[Web page caption snippets]
____________________
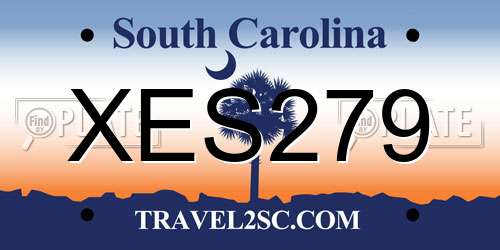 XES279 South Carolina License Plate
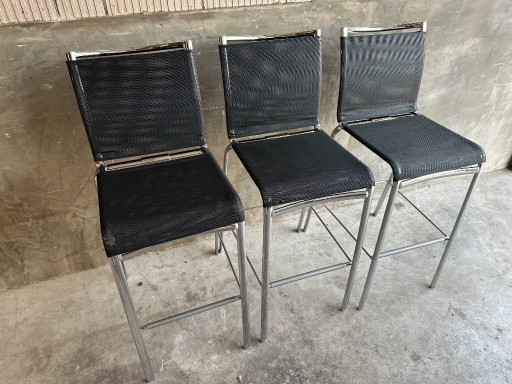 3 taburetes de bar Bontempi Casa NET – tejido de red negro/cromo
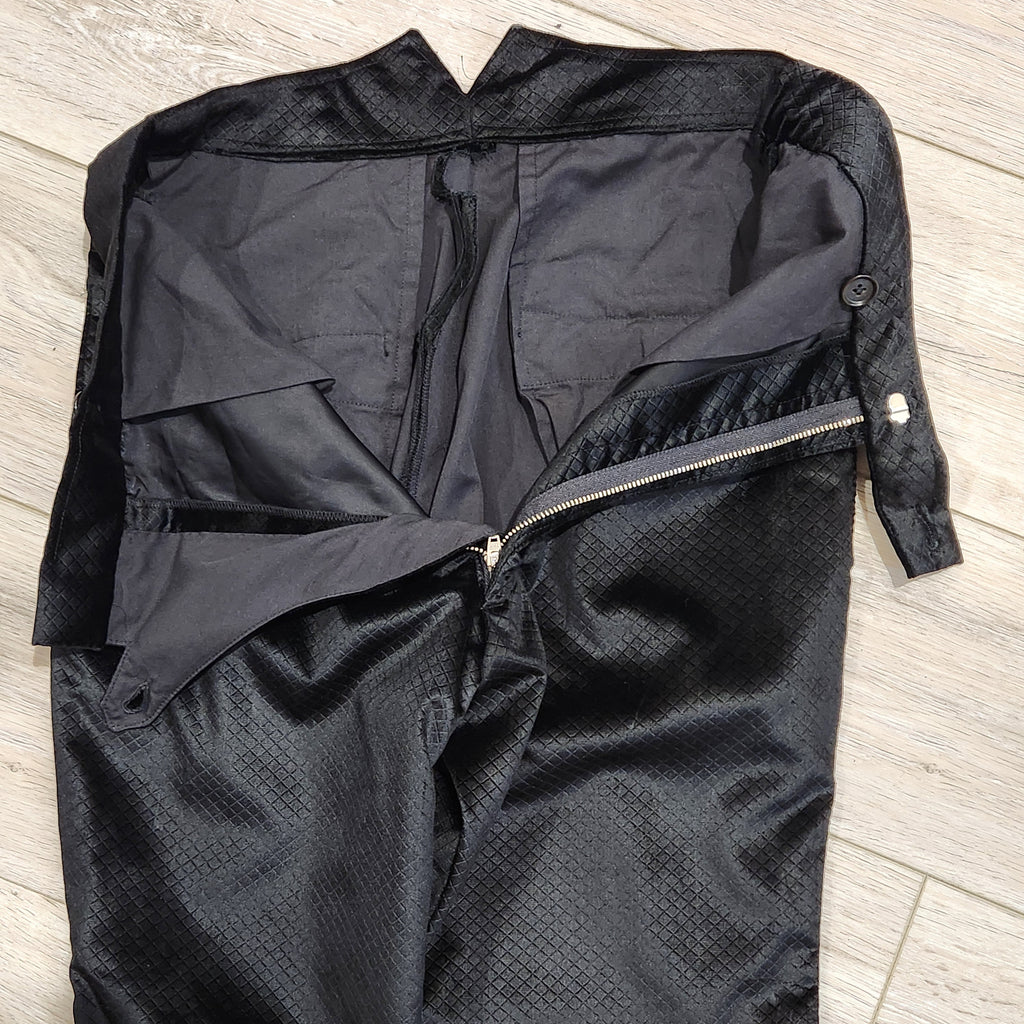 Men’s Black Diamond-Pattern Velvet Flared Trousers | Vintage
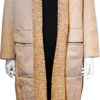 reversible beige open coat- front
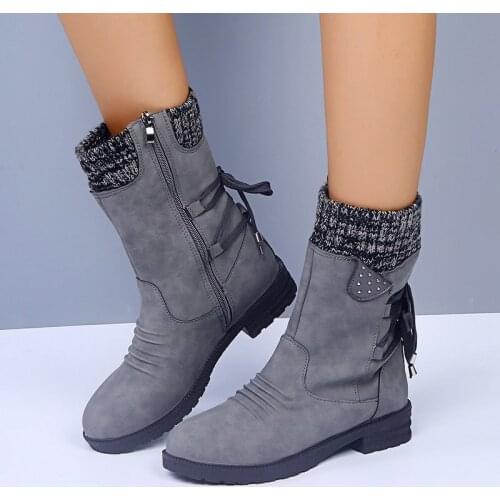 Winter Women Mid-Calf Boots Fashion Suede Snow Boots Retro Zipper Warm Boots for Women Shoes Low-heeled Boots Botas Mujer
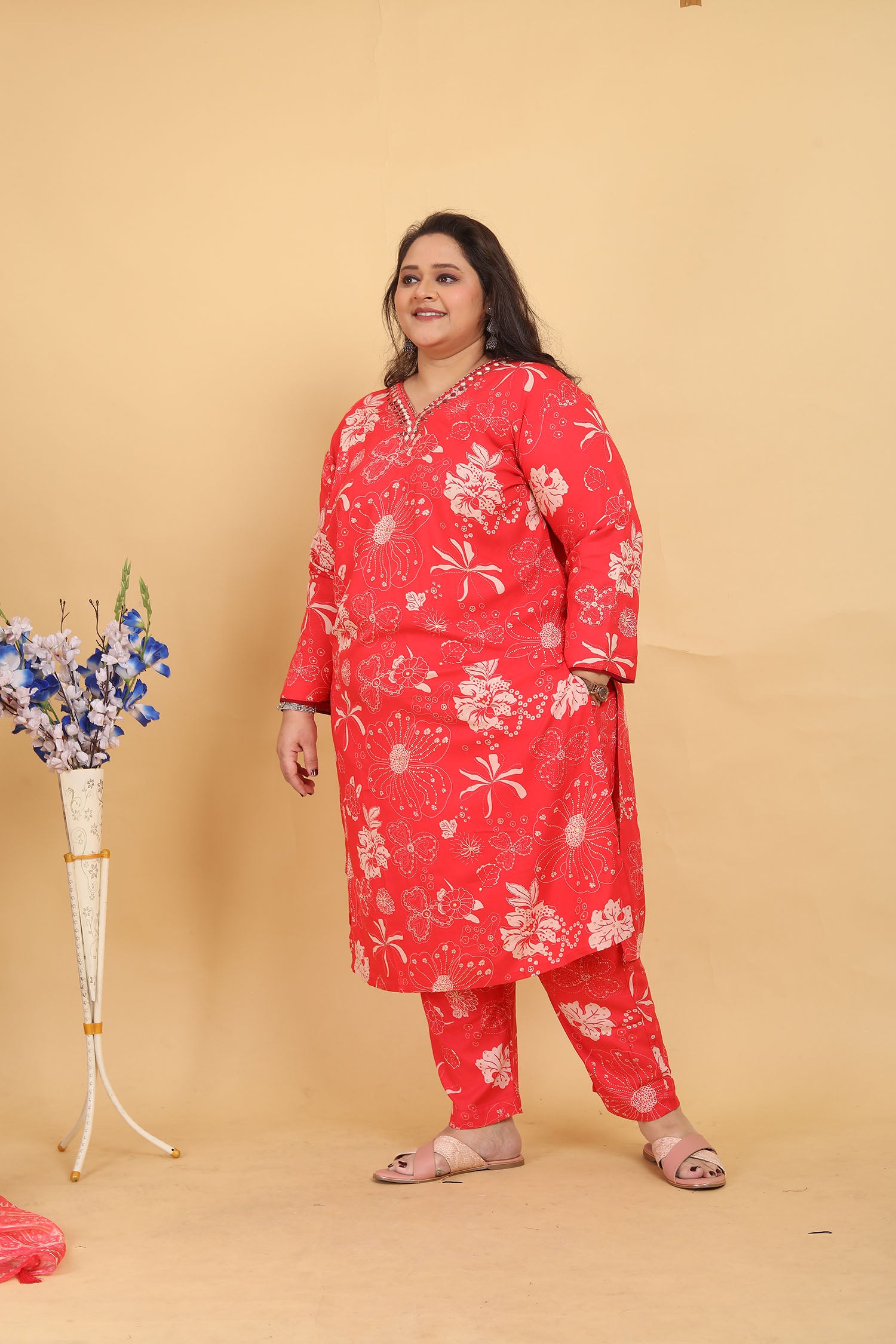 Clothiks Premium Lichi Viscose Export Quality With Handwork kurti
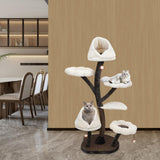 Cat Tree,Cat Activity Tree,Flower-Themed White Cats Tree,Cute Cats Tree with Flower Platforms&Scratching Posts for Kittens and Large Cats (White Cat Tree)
____________________
#### About this exercise:
Only the lines from the one containing "Men’s Black Diamond-Pattern" through the last line of the entries above should be copied, exactly as they are and without the pictures.

#### Response area:
 Men’s Black Diamond-Pattern Velvet Flared Trousers | Vintage
 reversible beige open coat- front
 Winter Women Mid-Calf Boots Fashion Suede Snow Boots Retro Zipper Warm Boots for Women Shoes Low-heeled Boots Botas Mujer
 Clothiks Premium Lichi Viscose Export Quality With Handwork kurti
 Cat Tree,Cat Activity Tree,Flower-Themed White Cats Tree,Cute Cats Tree with Flower Platforms&Scratching Posts for Kittens and Large Cats (White Cat Tree)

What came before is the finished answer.